> _WORK TASK_
Please, without any pictures, set down exactly the part of the listing below that opens with the line containing "2025 Kia K5 GT-Line" and closes with the line containing "2018 HYUNDAI SANTA FE SE ULTIMATE".

> _INPUT FOR THIS TASK_
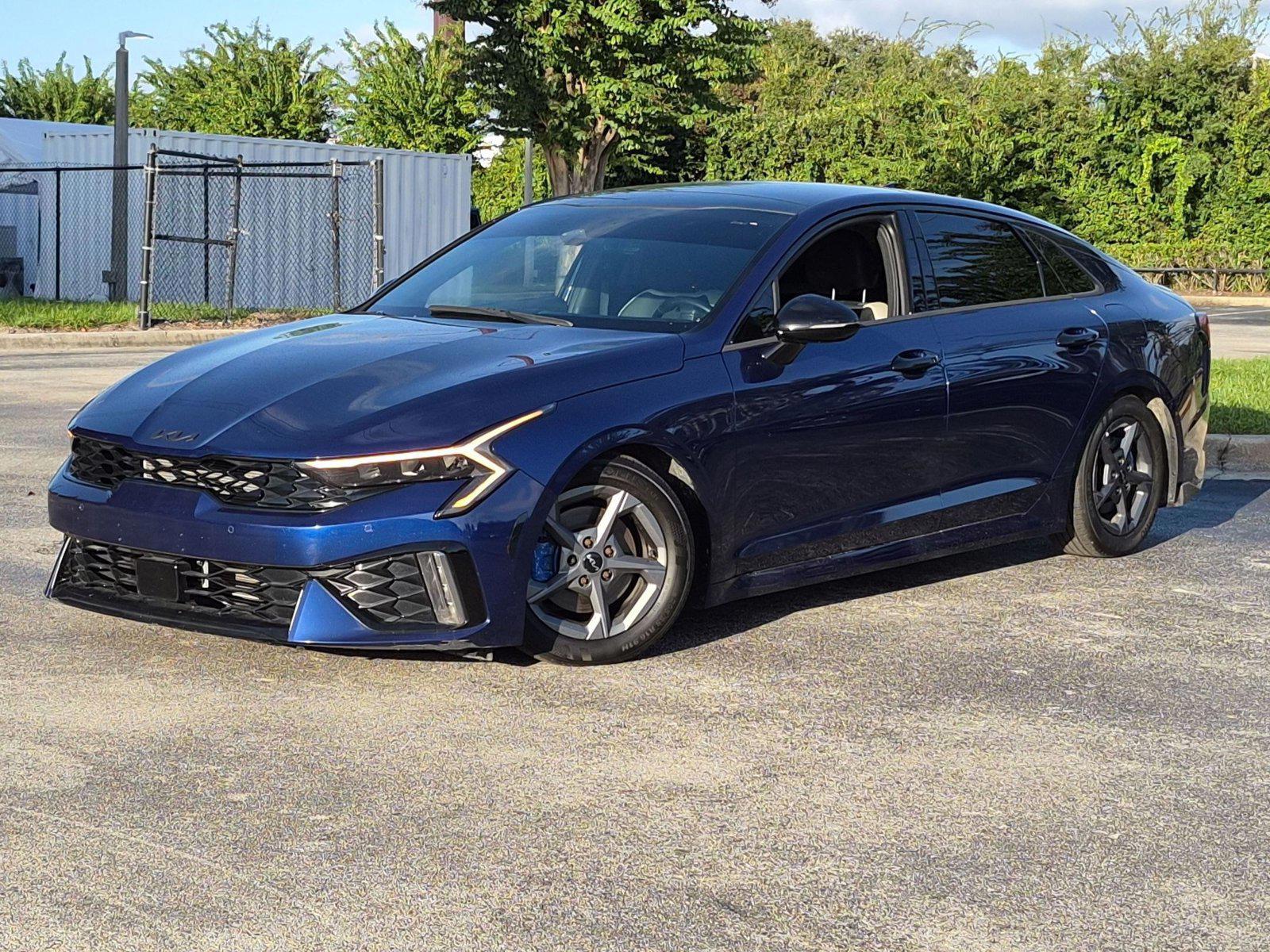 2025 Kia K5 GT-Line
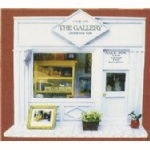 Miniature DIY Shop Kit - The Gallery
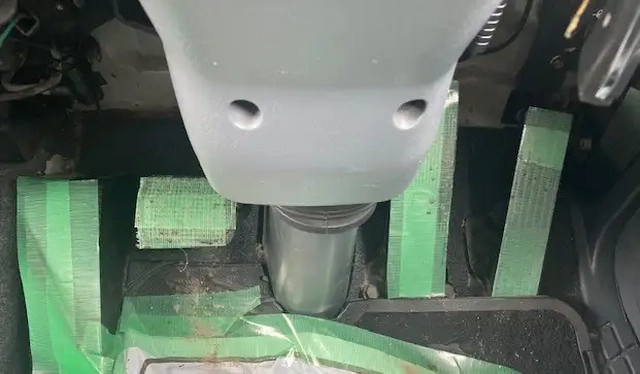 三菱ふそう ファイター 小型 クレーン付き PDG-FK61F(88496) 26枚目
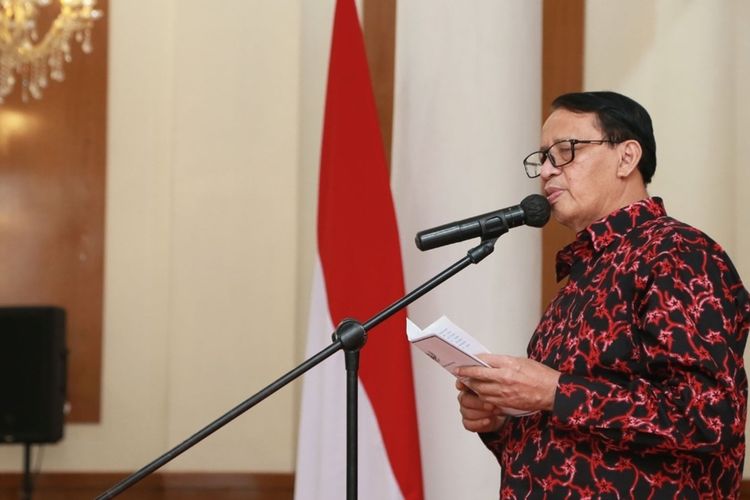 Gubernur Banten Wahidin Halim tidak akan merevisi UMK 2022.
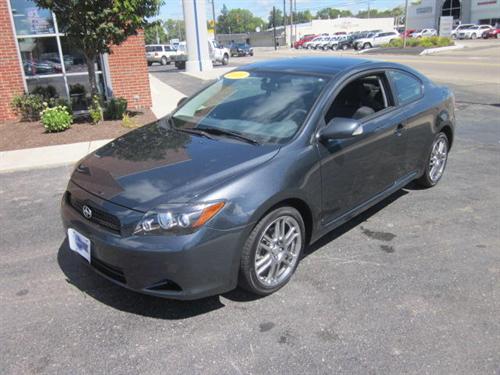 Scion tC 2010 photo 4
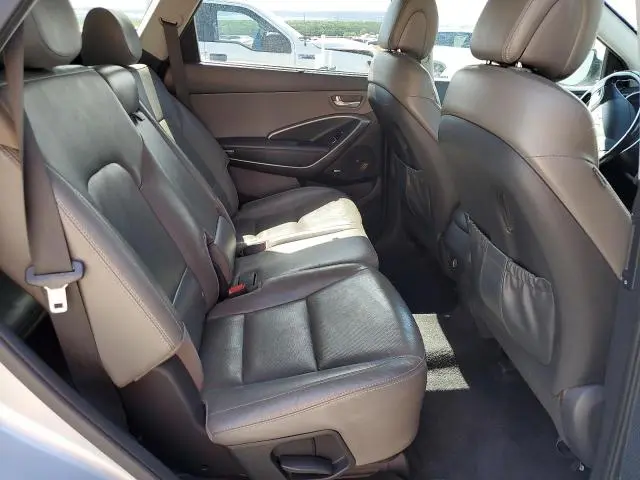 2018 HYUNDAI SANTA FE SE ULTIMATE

* * *

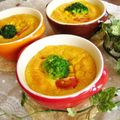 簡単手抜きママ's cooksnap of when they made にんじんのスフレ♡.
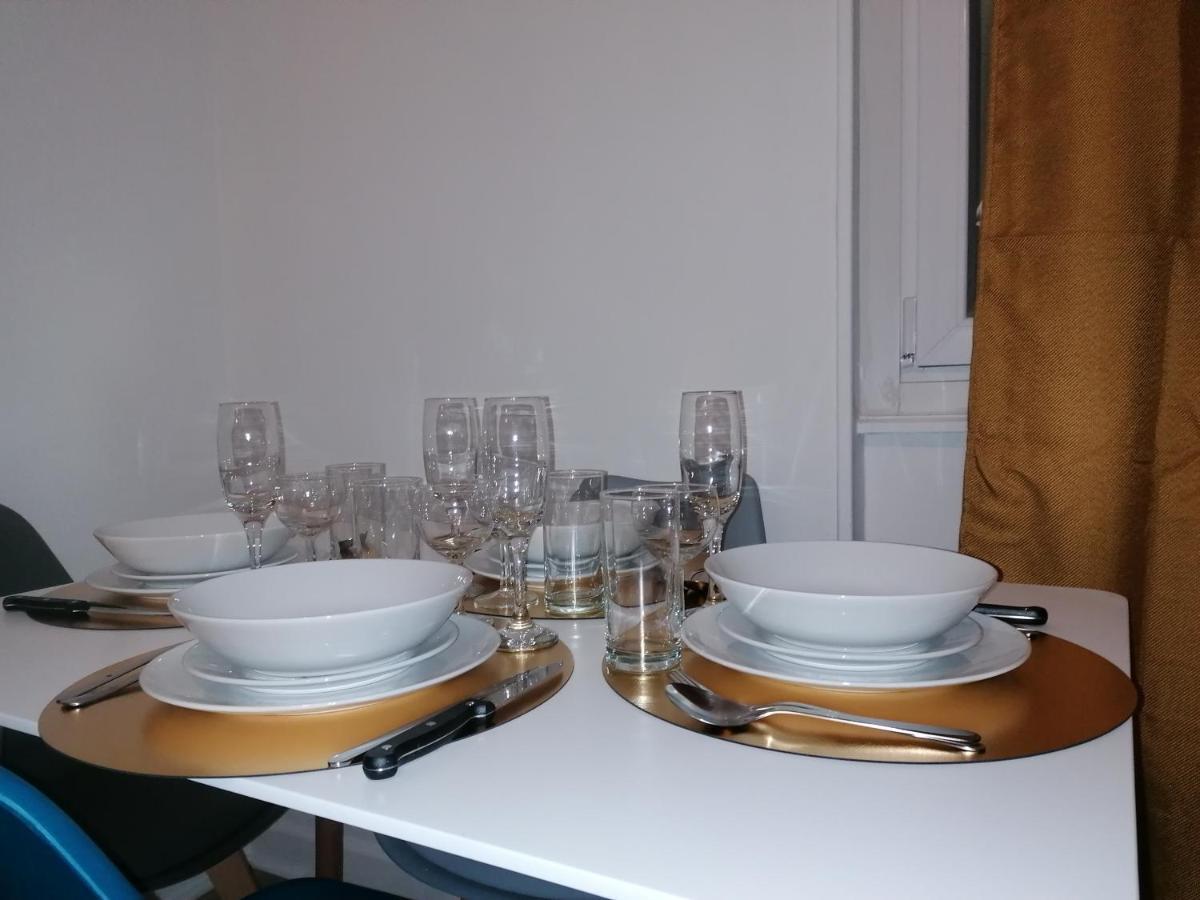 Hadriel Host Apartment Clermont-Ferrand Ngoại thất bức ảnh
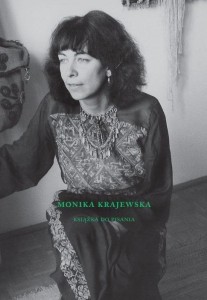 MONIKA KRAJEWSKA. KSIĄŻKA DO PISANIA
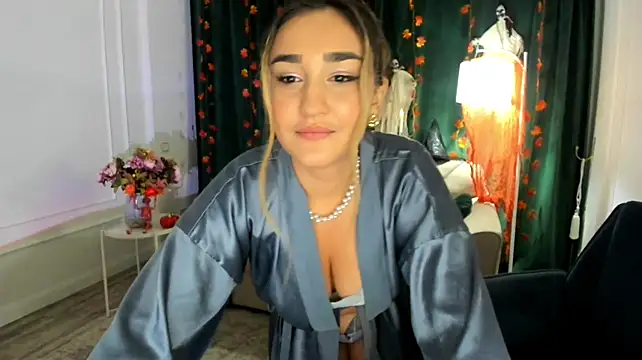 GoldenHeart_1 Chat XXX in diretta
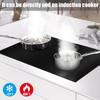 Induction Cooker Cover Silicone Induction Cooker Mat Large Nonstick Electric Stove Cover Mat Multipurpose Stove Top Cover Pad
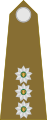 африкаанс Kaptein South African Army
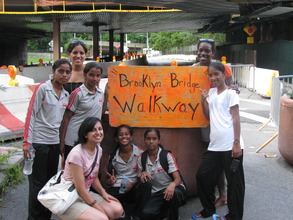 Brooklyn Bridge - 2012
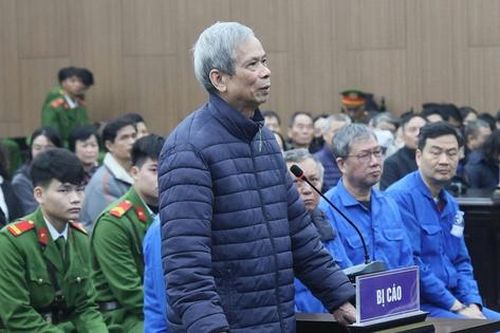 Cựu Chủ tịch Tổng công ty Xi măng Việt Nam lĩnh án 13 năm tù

> _ANSWER TO THE EXERCISE_
 2025 Kia K5 GT-Line
 Miniature DIY Shop Kit - The Gallery
 三菱ふそう ファイター 小型 クレーン付き PDG-FK61F(88496) 26枚目
 Gubernur Banten Wahidin Halim tidak akan merevisi UMK 2022.
 Scion tC 2010 photo 4
 2018 HYUNDAI SANTA FE SE ULTIMATE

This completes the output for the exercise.